= Grade of service =

Concept in telecommunications engineering

In telecommunications engineering, and in particular teletraffic engineering, the quality of voice service is specified by two measures: the grade of service (GoS) and the quality of service (QoS).

The grade of service is the probability of a call in a circuit group being blocked or delayed for more than a specified interval, expressed as a vulgar fraction or decimal fraction. This is always with reference to the busy hour when the traffic intensity is the greatest. Grade of service may be viewed independently from the perspective of incoming versus outgoing calls, and is not necessarily equal in each direction or between different source-destination pairs. "Grade of Service" sometimes means a measure of inbound call center traffic to verify adherence to conditions to measure the success of customers served.

On the other hand, the quality of service which a single circuit is designed or conditioned to provide, e.g. voice grade or program grade is called the quality of service. Quality criteria for such circuits may include equalization for amplitude over a specified band of frequencies, or in the case of digital data transported via analogue circuits, may include equalization for phase. Criteria for mobile quality of service in cellular telephone circuits include the probability of abnormal termination of the call.

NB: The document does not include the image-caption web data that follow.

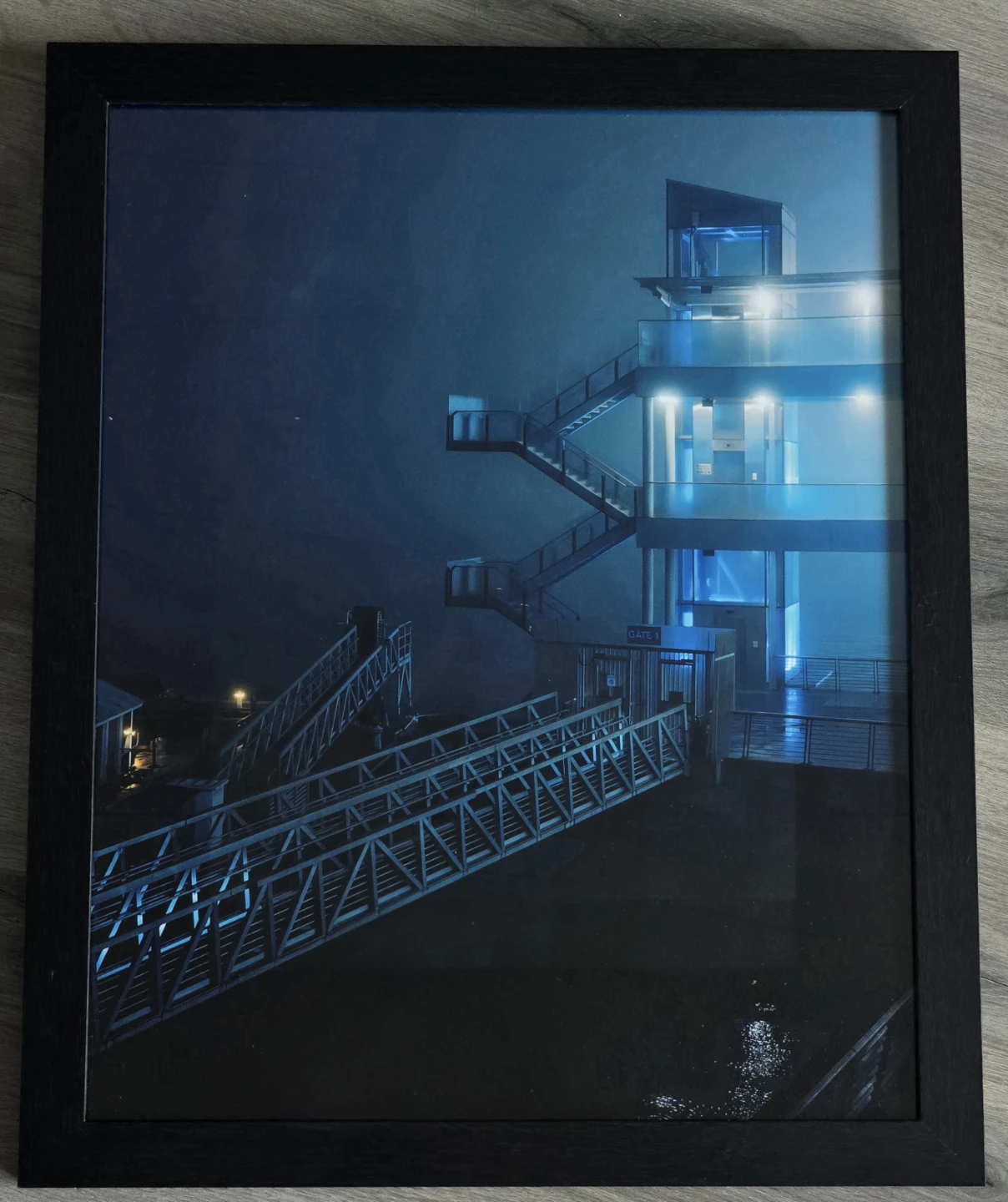 Framed Original Photo Print, Vancouver,  Coal Harbour, 16" x 20"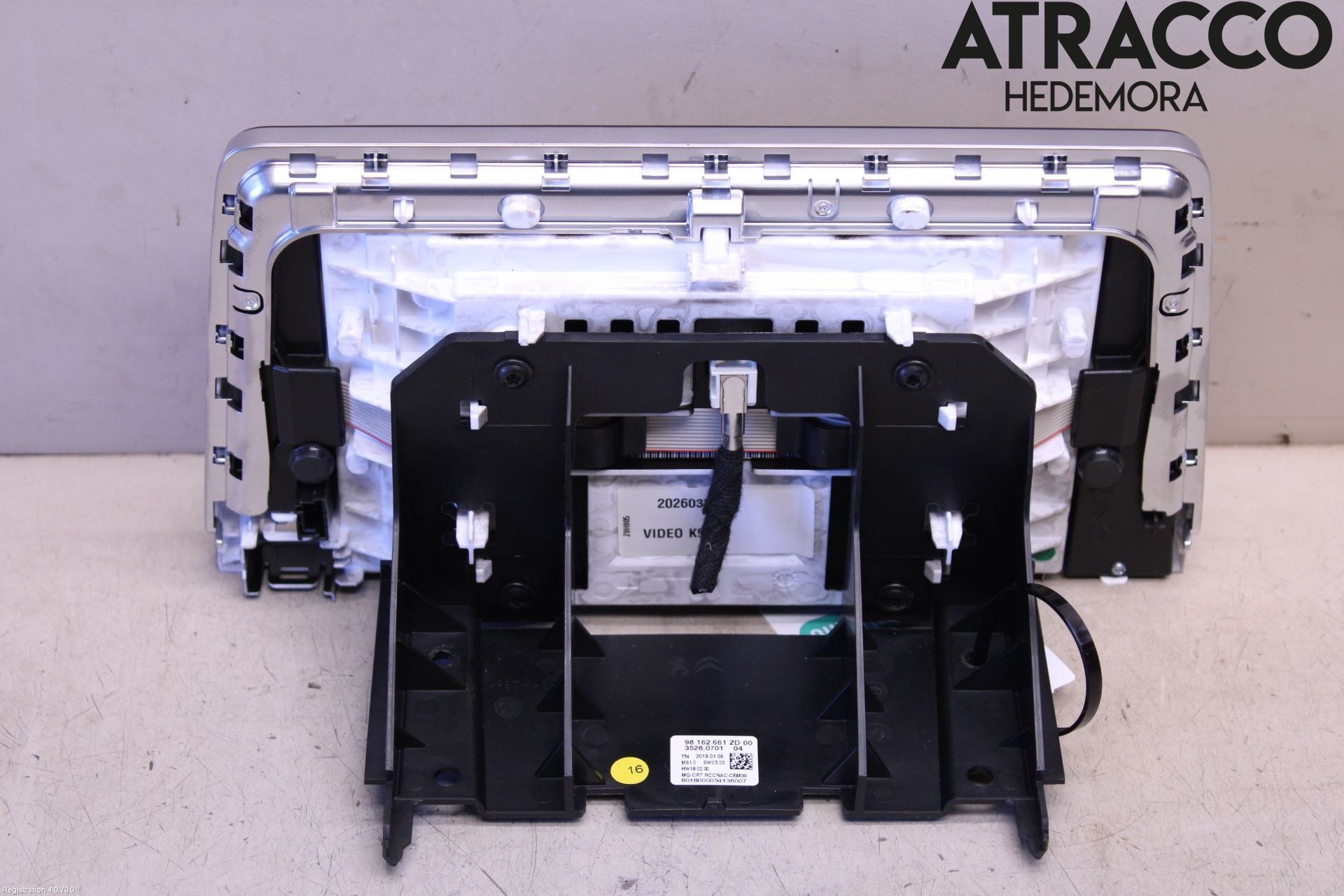 Citroen BERLINGO/E-BERLINGO 19- Cd Radio - Multimediapanel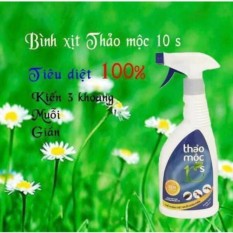 Bình xịt thảo mộc diệt gián ,côn trùng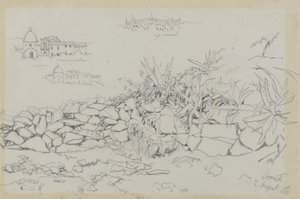 Sorrent, 2. August 1838 von Edward Lear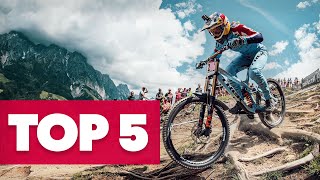 Are These The 5 Craziest Downhill MTB Runs From Leogang Austria  UCI MTB World Champs 2020 [upl. by Duwad]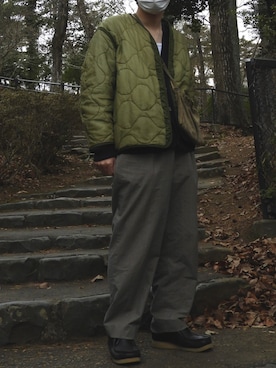 バナナ男さん（メンズ・176cm）の春コーディネート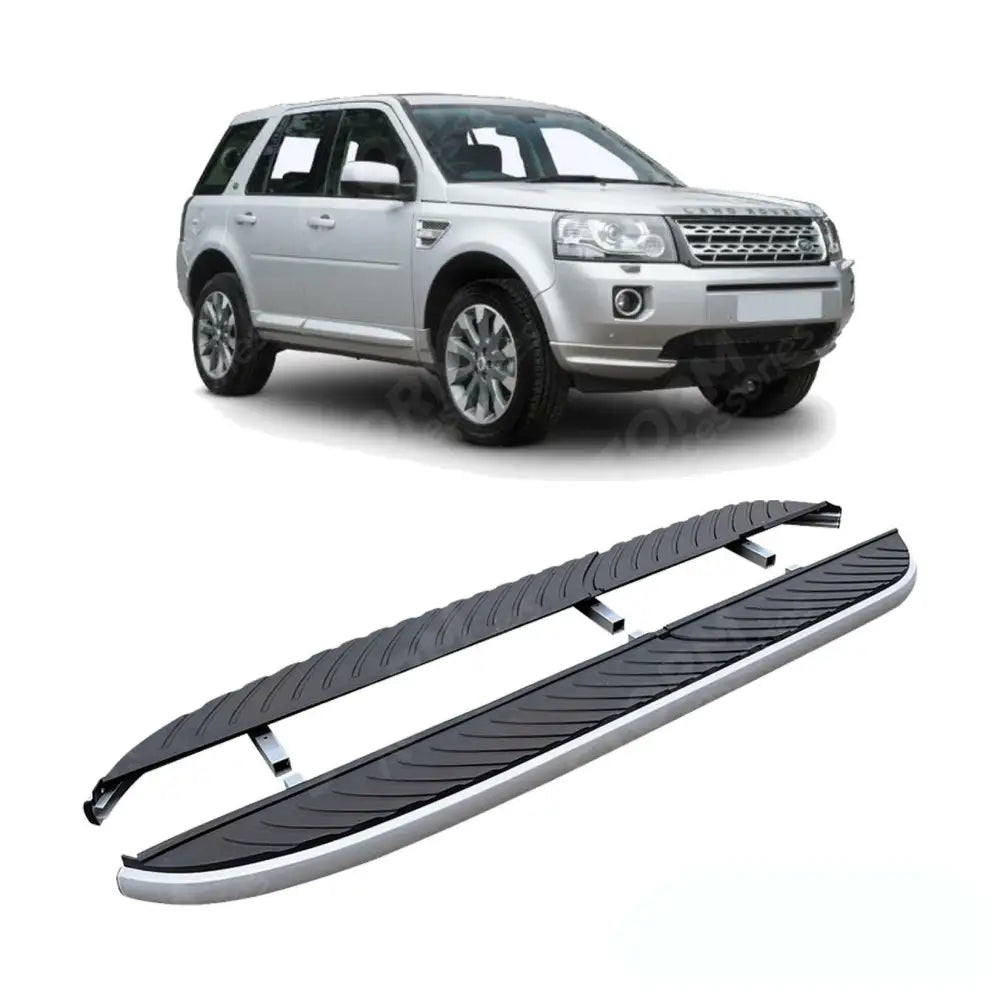 STX Style Side Steps Running Boards Pair For Land Rover Freelander 2 2007-2015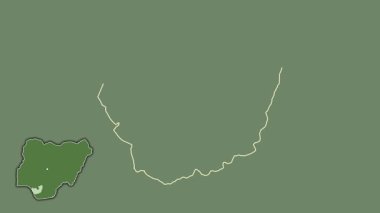 Delta, Nijerya, çıkarılmış ve izole edilmiş. Uydu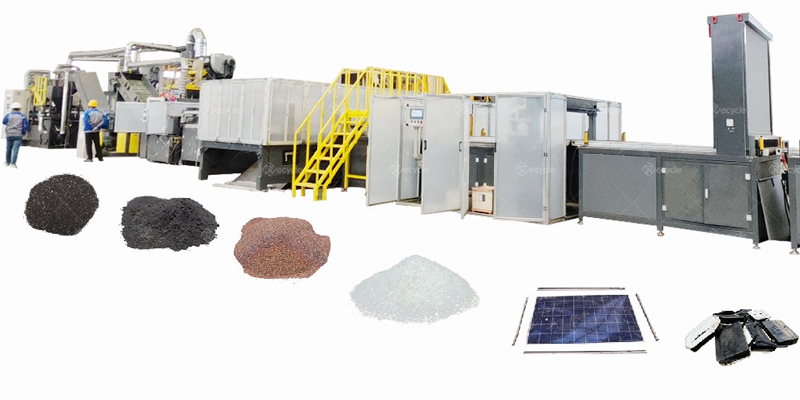 solar panels recycle machine 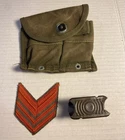 LOT MILITARY STUFF WW2 ITALIAN  GRADE FIRST AVIER,U.S. ARMY CANVAS MAGAZINE#AC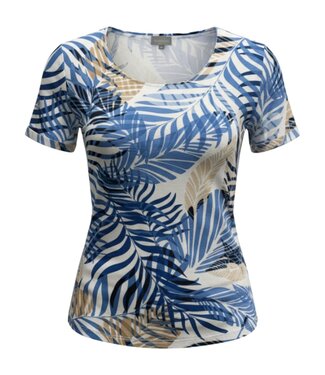 Marinello dames t- shirt varen- print blauw Marinello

==What is Grade of Service and how is it measured?==
When a user attempts to make a telephone call, the routing equipment handling the call has to determine whether to accept the call, reroute the call to alternative equipment, or reject the call entirely. Rejected calls occur as a result of heavy traffic loads (congestion) on the system and can result in the call either being delayed or lost. If a call is delayed, the user simply has to wait for the traffic to decrease, however if a call is lost then it is removed from the system.

The Grade of Service is one aspect of the quality a customer can expect to experience when making a telephone call. In a Loss System, the Grade of Service is described as that proportion of calls that are lost due to congestion in the busy hour.
For a Lost Call system, the Grade of Service can be measured using Equation 1.

$\mbox{Grade of Service}=\frac{\mbox{number of blocked calls}}{\mbox{total offered calls}}\qquad(1)$

For a delayed call system, the Grade of Service is measured using three separate terms:

- The mean delay $t_d$ - Describes the average time a user spends waiting for a connection if their call is delayed.
- The mean delay $t_o$ - Describes the average time a user spends waiting for a connection whether or not their call is delayed.
- The probability that a user may be delayed longer than time t while waiting for a connection. Time t is chosen by the telecommunications service provider so that they can measure whether their services conform to a set Grade of Service.
- Where and when is Grade of Service measured?
The Grade of Service can be measured using different sections of a network. When a call is routed from one end to another, it will pass through several exchanges. If the Grade of Service is calculated based on the number of calls rejected by the final circuit group, then the Grade of Service is determined by the final circuit group blocking criteria. If the Grade of Service is calculated based on the number of rejected calls between exchanges, then the Grade of Service is determined by the exchange-to-exchange blocking criteria.

The Grade of Service should be calculated using both the access networks and the core networks as it is these networks that allow a user to complete an end-to-end connection. Furthermore, the Grade of Service should be calculated from the average of the busy hour traffic intensities of the 30 busiest traffic days of the year. This will cater for most scenarios as the traffic intensity will seldom exceed the reference level.

The grade of service is a measure of the ability of a user to access a trunk system during the busiest hour. The busy is based upon customer demand at the busiest hour during a week month or year.

==Class of Service==
Different telecommunications applications require different Qualities of Service. For example, if a telecommunications service provider decides to offer different qualities of voice connection, then a premium voice connection will require a better connection quality compared to an ordinary voice connection. Thus different Qualities of Service are appropriate, depending on the intended use. To help telecommunications service providers to market their different services, each service is placed into a specific class. Each Class of Service determines the level of service required.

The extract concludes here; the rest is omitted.